From the September 29 edition of MSNBC's All In with Chris Hayes:
CHRIS HAYES: This is the new argument you hear. For a while it was, it's snowing in DC ... largely that has been abandoned by people that, I think, don't want to seem ridiculous. You also have polling that shows that, you know, 50 percent of voters in the GOP primaries believe in, you know, human-caused climate change. So the next argument is the argument like that: “Yeah, it's a problem but it's a big planet, everyone's gonna try to game each other. We shouldn't be the ones to go first and destroy American jobs and put people in Kentucky out of work when everyone else is just going to cheat. And we can't do anything about it.”

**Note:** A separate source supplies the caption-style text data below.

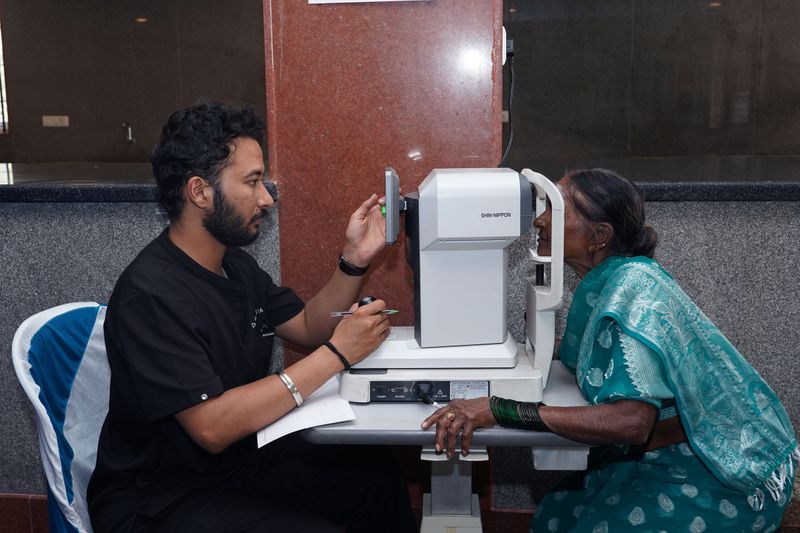 An optometrist operates an eye-testing machine while an older woman in a teal saree rests her chin on it for an eye screening.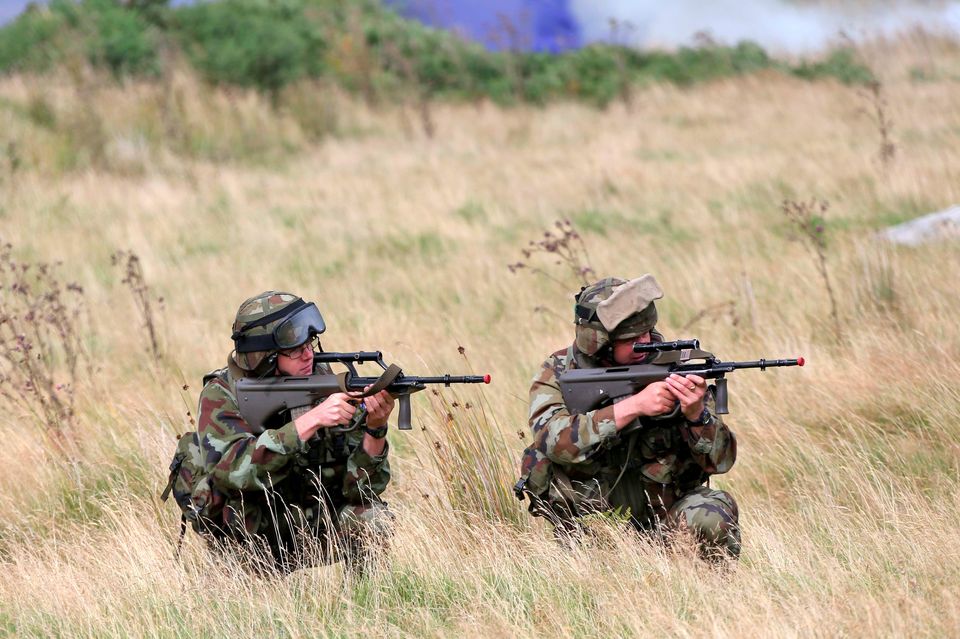 Members of the Defence Forces return fire during a simulated ambush pictured during intense training in preparation for their forthcoming deployment to the United Nations Disengagement Observation Force, (UNDOF) based in the Golan Heights region of Syria. Picture Colin Keegan, Collins Dublin.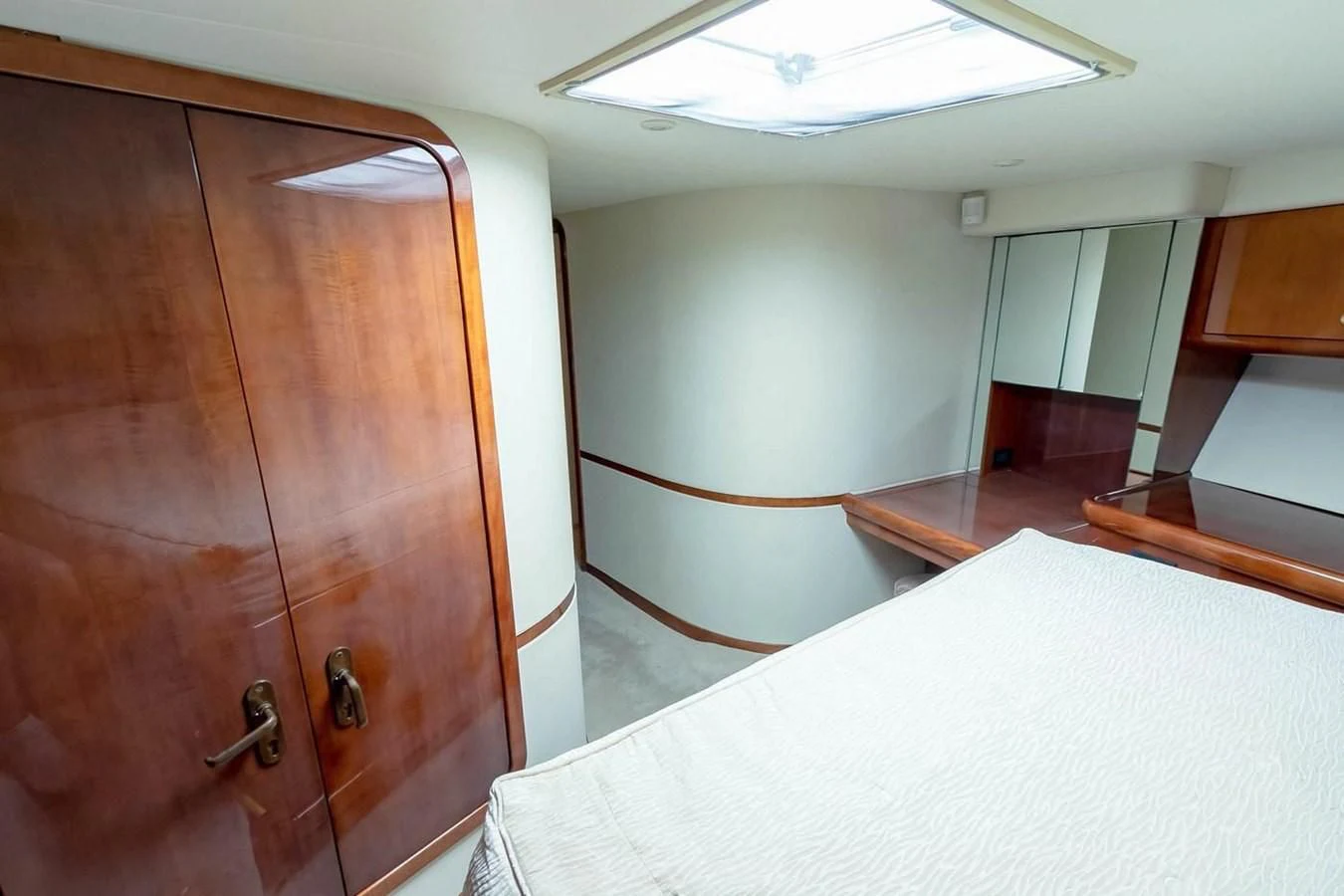 a room with a bed and a closet aboard PURELY PLEASURE Yacht for Sale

AL GORE: Of course, there are at least two big flaws in that argument. First of all, we can create jobs by taking on this challenge. And we can create jobs that cannot be outsourced, jobs like refurbishing buildings to make them energy efficient, installing solar panels on rooftops so individuals can have lower electricity bills. There are tens of millions of jobs in this, and it's one of the few areas in our economy where the jobs are growing in number fairly rapidly. Eighty-eight percent growth in green jobs year over year over the past year. And secondly, since when did the United States abandon its traditional world leadership role? Especially at a time when just this past week the president of China says “Okay, we're going to adopt a cap and trade program and we're reducing our CO2 emissions and we want to create jobs in solar and wind and efficiency.” So the rest of the world still does look to the United States for leadership. This is the most serious global challenge we've ever faced. No other country can play the role that the U.S. can play.